1.4 Undefined Financial Accounting Terms. Undefined financial accounting
terms used in this Agreement shall have the meanings assigned to such terms according to
GAAP.
1.5 References. The words “hereby,” “herein,” “hereinabove,” “hereinafter,”
“hereinbelow,” “hereof,” “hereunder,” and words of similar import when used in this
Agreement shall refer to this Agreement as a whole and not to any particular Article,
Section, or provision of this Agreement. References in this Agreement to Articles,
Sections, or Exhibits are to such Articles, Sections, or Exhibits of this Agreement
unless otherwise specified.
1.6 Articles and Sections. This Agreement, for convenience only, has been
divided into Articles and Sections; and it is understood that the rights and other legal
relations of the parties hereto shall be determined from this instrument as an entirety
and without regard to the aforesaid division into Articles and Sections and without
regard to headings prefixed to such Articles or Sections.

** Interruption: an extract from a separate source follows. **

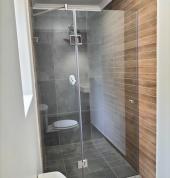 Frameless Shower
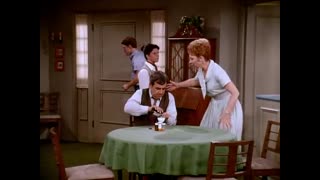Happy Days - 3x1 - Fonzie Moves In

1.7 Number and Gender. Whenever the context requires, reference herein made
to the single number shall be understood to include the plural; and likewise, the plural
shall be understood to include the singular. Words denoting sex shall be construed to
include the masculine, feminine and neuter, when such construction is appropriate; and
specific enumeration shall not exclude the general but shall be construed as cumulative.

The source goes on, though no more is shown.